Making ‘completely replaceable fuel’
On 100 acres in southern Luna County, Bryn Davis and his colleagues are trying to start a revolution. The revolution is based on one of the humblest living things on the planet – algae. If everything goes as planned, however, Sapphire will be able to provide fuel from the algae for planes, trains and automobiles.
“We shy away from the term ‘biofuel,’” Davis said to the crowd assembled at the Tuesday, June 5, Business in the Borderplex luncheon presented by the Mesilla Valley Economic Development Alliance. “We’re making completely replaceable fuel.”
They’re also making money for the region.
“We try to buy locally when we can,” Davis said. Sapphire’s billing department did an exercise with its vendor listings, matching bills paid to ZIP codes. Turned out a lot of them were going to the southern New Mexico region. “Well over $14 million in checks went to ZIPcodes with an 88-whatever in them,” Davis said.
Sapphire is also bringing jobs.
Davis said in a recent report he gave to the Las Cruces City Council on Sapphire’s economic impact on the city, the company produced 373 jobs in 2011. That’s up from 77 jobs in 2008.

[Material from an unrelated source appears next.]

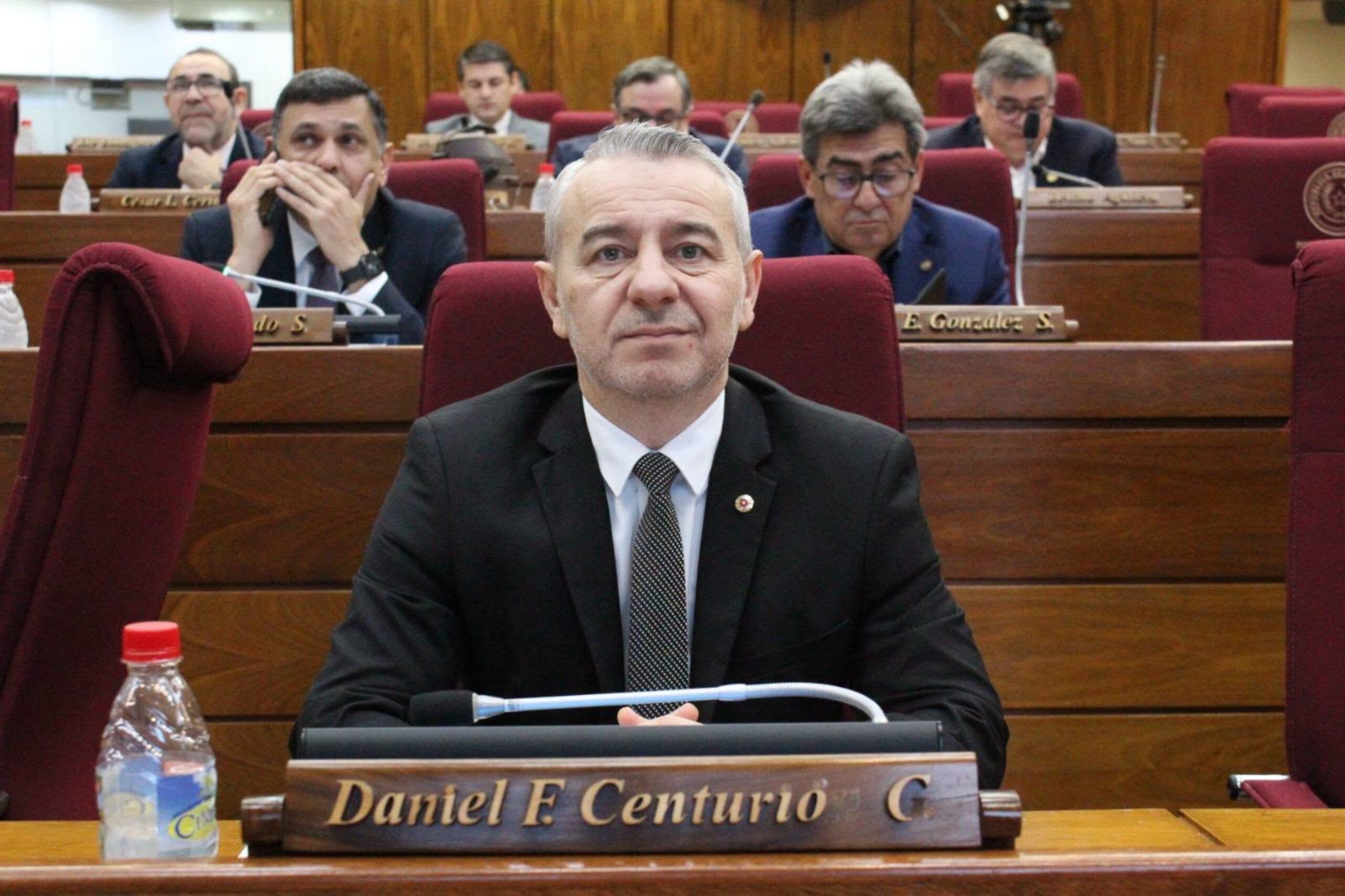 Centurión descarta «por ahora» su incorporación a Honor Colorado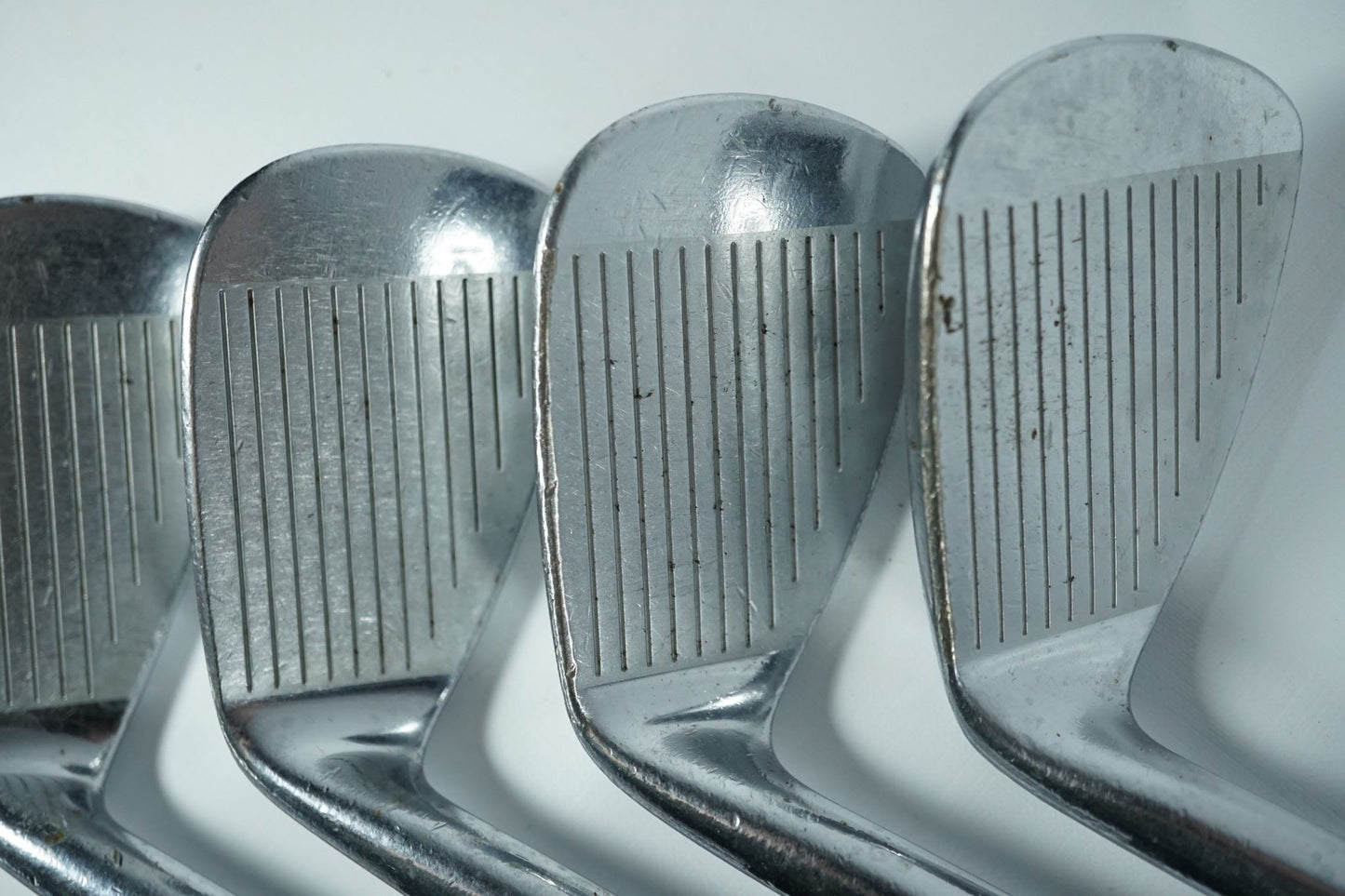 Titleist 690CB 5-PW / Stiff Flex Steel Shafts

The 100 acres, 8 miles west of Columbus, are rows of high-tech ponds growing the algae. This is Phase I of the project. Sapphire has 900 more acres on which it can expand.
Sapphire was founded in May 2007, but it was not the first to grow algae for fuel in New Mexico.

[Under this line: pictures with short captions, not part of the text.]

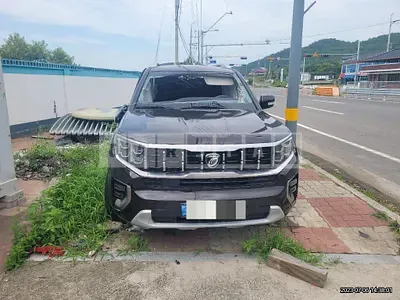 Photo 1 of 76: 2021 Kia Mojave 3.0 (4WD), VIN KNAKN814DMA223403 — Korean insurance auction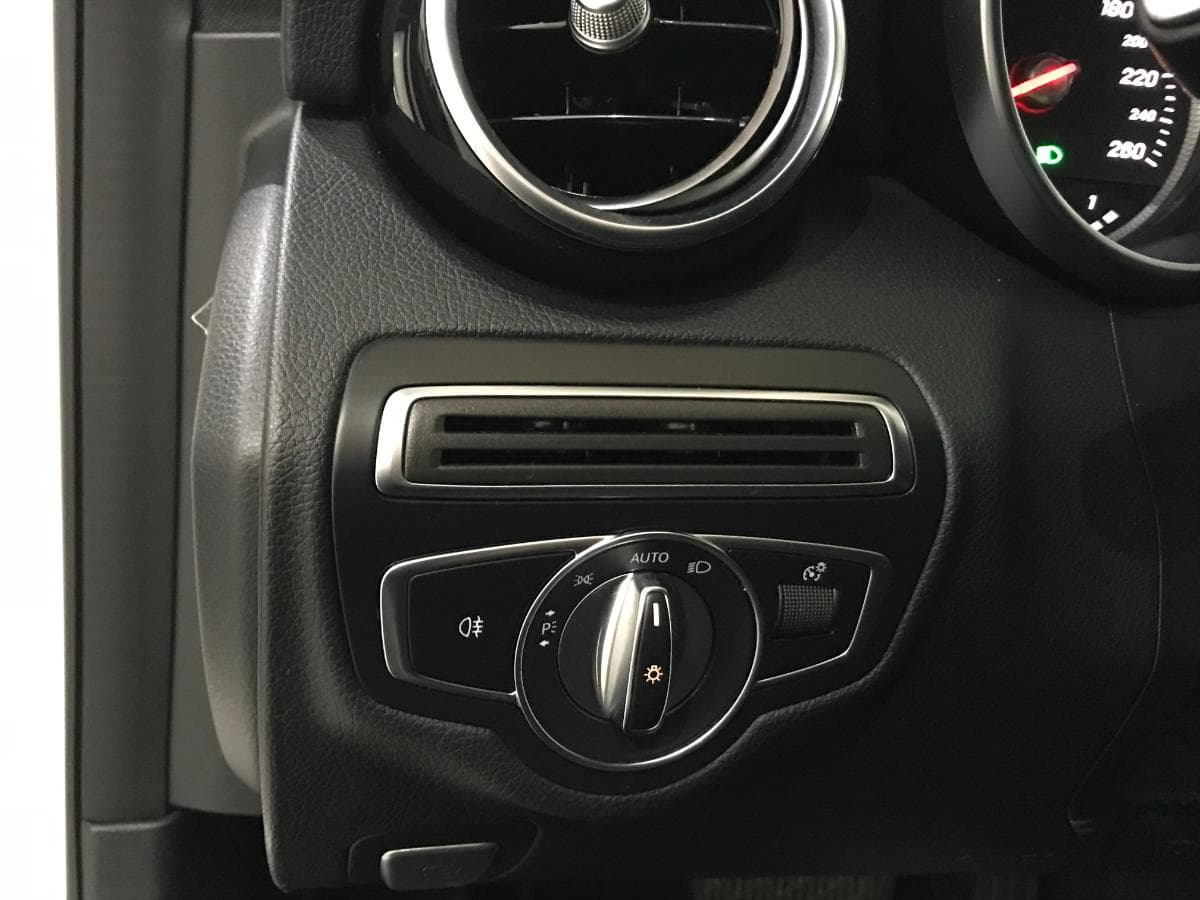 Mercedes C180 · Ano 2018 — imagen 51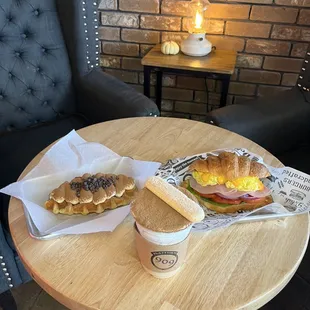 Tiramisu Latte is available till end of November!

Come and enjoy your brunch with our fall seasonal drinks!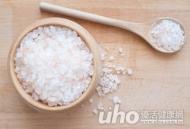 研究：減少鹽份攝取　竟可降低3成頭痛率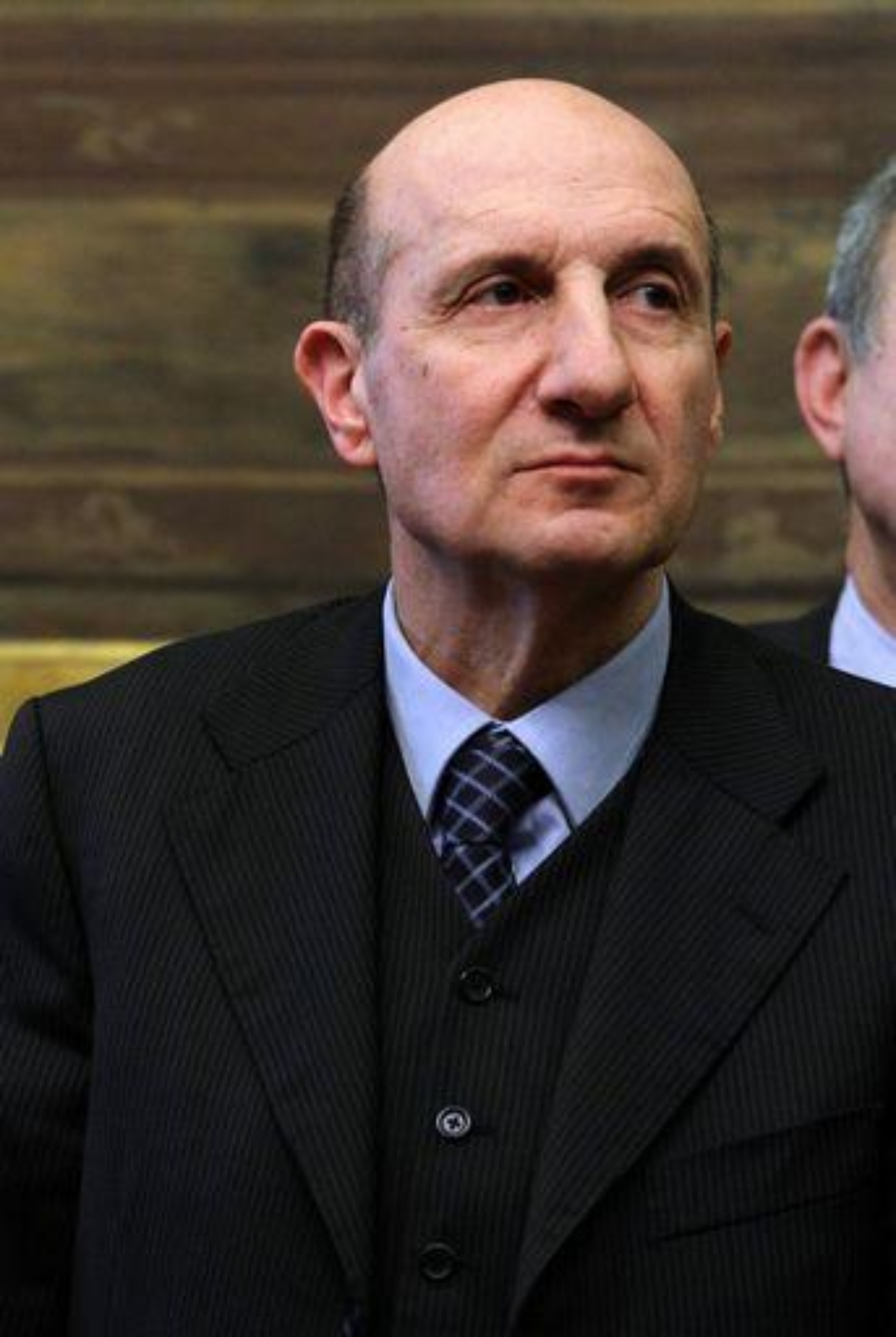 Confesercenti: Crisi brucia 100 mld reddito disponibile consumi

A now-defunct project was begun in Roswell in the 1970s.
One reason scientists and entrepreneurs are trying to create fuel from algae is its efficiency. “Algae are the most efficient converters of sunlight into hydrocarbons,” Davis said. “It’s 10 times more efficient than corn.”
It also uses less space.
Davis pointed to a visual on a PowerPoint screen that showed the amount of land required for various crops to make fuel.
“It’s a very small footprint,” Davis said. “From an area roughly the size of White Sands National Monument you can make as much fuel from algae as it would take with 90 million acres of corn.”
While “green crude” is more efficient in the production phase – its production actually reduces a carbon footprint, Davis said – the end product is identical to traditional fossil fuels.
“All fuel we have has come from algae – we’re just trying to cut a couple of million years out of the process,” Davis said. Sapphire is essentially “high-tech farmers,” Davis said.